The Pleasure of Being Robbed is a 2008 American drama film directed by Josh Safdie in his feature film directorial debut. It stars Eleonore Hendricks, Josh Safdie, Jordan Zaldez, Wayne Chin, and Francesca LaPrelle. It tells the story of a kleptomaniac woman who lives in New York City. The film had its world premiere in the Emerging Visions section at the 2008 South by Southwest on March 10, 2008. It was released in the United States in limited theaters on October 3, 2008.

==Plot==

Eleonore is a lonely, free-spirited kleptomaniac woman who lives in New York City. She frequently steals others' possessions, mainly handbags and purses. While in a bar, she picks up a woman's bag and finds car keys. She bumps into her friend Josh and together they drive to Boston in the stolen car, even though Eleanore doesn't know how to drive. She drives back to New York and is arrested by NYPD after trying to steal another woman's handbag, but is let out the next morning. The film ends with her in a music and DVD store stealing a DVD and putting it into her CD player, revealing that she essentially learned nothing from her previous altercation and that she will continue to steal.

==Cast==
- Eleonore Hendricks as Eleonore
- Josh Safdie as Josh
- Jordan Zaldez as Jordan
- Wayne Chin as Wayne
- Francesca LaPrelle as Mom
- Van Neistat as Animal Harraser

==Production==
In 2007, Josh Safdie was hired by Andy Spade and Anthony Sperduti to create a short film featuring Kate Spade handbags. He devised a concise story about the adventures of a kleptomaniac woman. Eleonore Hendricks, who co-wrote the screenplay, portrayed the lead role. The project eventually turned into a feature film. The film was shot on 16 mm film.

==Release==
The film had its world premiere in the Emerging Visions section at the 2008 South by Southwest on March 10, 2008. It screened in the Directors' Fortnight section at the 2008 Cannes Film Festival on May 23, 2008. IFC Films acquired North American distribution rights to the film. It was released in the United States in limited theaters on October 3, 2008.

==Reception==
On review aggregator website Rotten Tomatoes, the film holds an approval rating of 27% based on 11 reviews, with an average rating of 4.1/10.

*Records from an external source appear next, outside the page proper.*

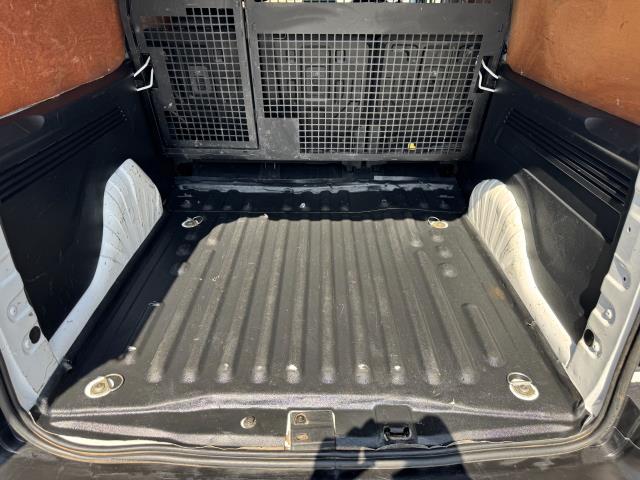 2020 Peugeot Partner 850 1.5 Bluehdi 100 Professional Crew Van (NU70DZE) Image 55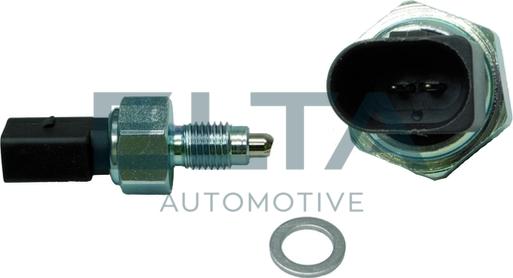 Elta Automotive EV3004 - Датчик, контактний перемикач, фара заднього ходу autocars.com.ua
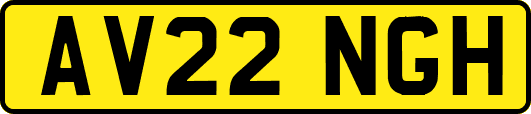 AV22NGH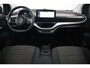 Fiat 500e Icon 42 kWh Automaat Panoramadak Navigatie LED Carplay Android Bluetooth 16 inch LMV Clima Cruise Parkeersensor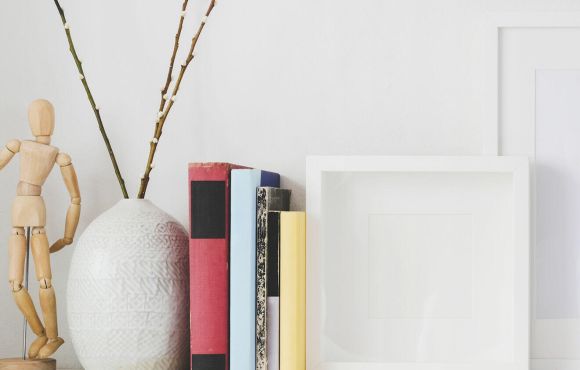 Portfolio Lorem Ipsum (Demo)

Nick Schager of Slant Magazine gave the film 1 out of 4 stars, calling it "a preeminent example of what happens when filmmaking tools become accessible to people with nothing to say." Laura Kern of The New York Times commented that the film "exposes itself as a technically deficient bore with little on its agenda." Rob Nelson of Variety wrote, "New York location shooting appears aptly purloined, but tech accomplishments, with muffled dialogue and fuzzy imagery, are borderline appalling even by the old-school DIY standards to which the pic pretentiously aspires."

Olivier Pere, the 2008 Cannes Film Festival's programmer, said, "They express something wild, intimate, and uncompromised about bohemian life in New York." He also stated that the film reminded him of "neorealism and the American underground films of the '60s."

At the 2008 Sarasota Film Festival, the film won the Independent Visions Competition award and the Heineken Red Star award.